Secure a Fair Health Plan Renewal With a Comprehensive Underwriting Review

SEPTEMBER 2, 2025

For employers, preparing for a renewal can be one of the most frustrating processes associated with their employee benefit programs. Many organizations do not understand how their health plan renewal is calculated, nor are they aware of the sources of revenue for the insurance carrier embedded within the renewal pricing.

Not having a clear view of what goes into a health plan renewal could result in thousands of dollars in excess premium. How the organization is impacted depends on the type of plan:

Fully Insured — When calculating renewal pricing, insurers often factor in inflated medical claims trend (the projected increase in the cost to treat patients from one year to the next), inconsistent credibility weighting, and padded claims reserves to generate additional revenue.

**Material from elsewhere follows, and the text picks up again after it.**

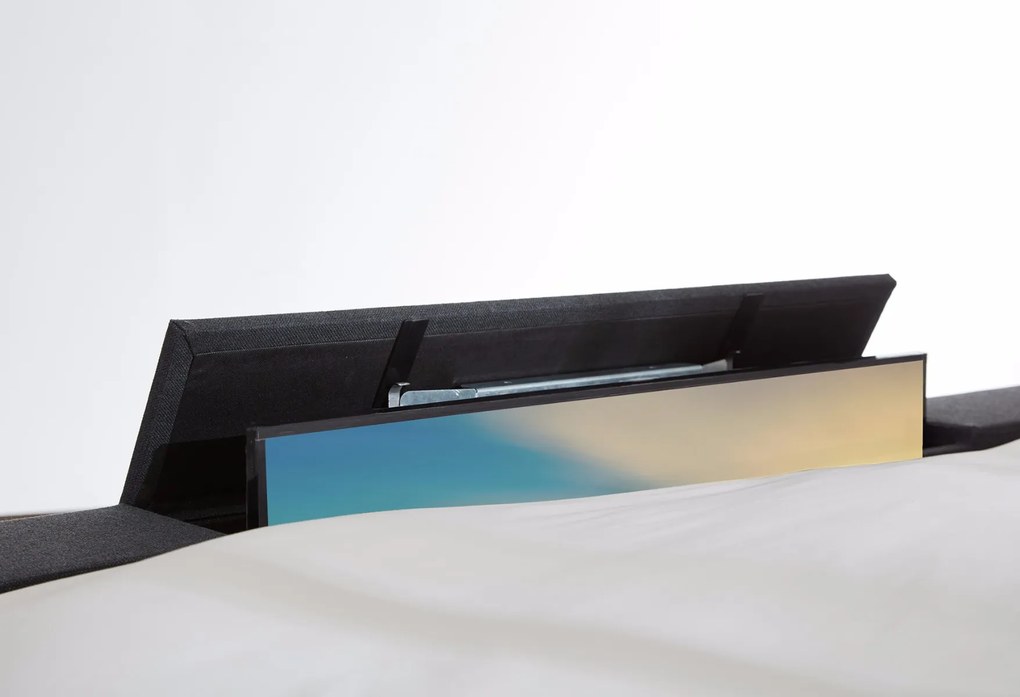 Home 400 met tv-lift – Bij Swiss Sense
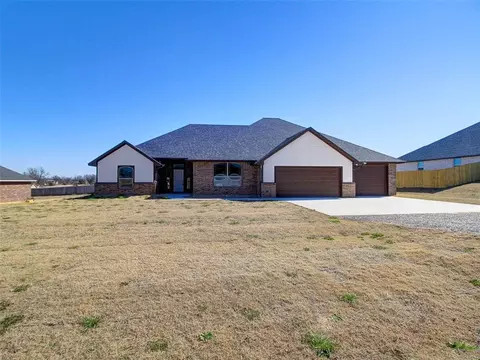 Exterior - 15957 Pecan Rd, Mcloud, OK 74851 photo 2 of 3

Self-Funded — Insurers or third-party administrators (TPAs) generate revenue from administration fees, but those fees typically make up less than 40% of the total profit. The insurance company or TPA generates remaining revenue from claims-based fees embedded in the renewal, such as network access, shared savings, and capitation (per-employee, per-month fees). Insurers often present a nominal administration fee increase (typically less than 5%) as a benefit to the employer during renewal. However, the insurer does not mention the revenue boost of 7% to 9% it will also receive from medical claims trend.

Pharmacy contracts can also be a significant source of revenue, especially for insurance carriers that have their own pharmacy benefits manager (PBM) administering the plan. This is because PBM contracts also typically include embedded claims-based revenue, but from sources like spread pricing and rebates.

With all these sources of revenue buried in the claims expense line, it is nearly impossible to negotiate a lower premium from a fair starting point. Understanding the various components that impact the cost of health plan renewals can help employers and brokers negotiate lower — and more equitable — pricing with insurers.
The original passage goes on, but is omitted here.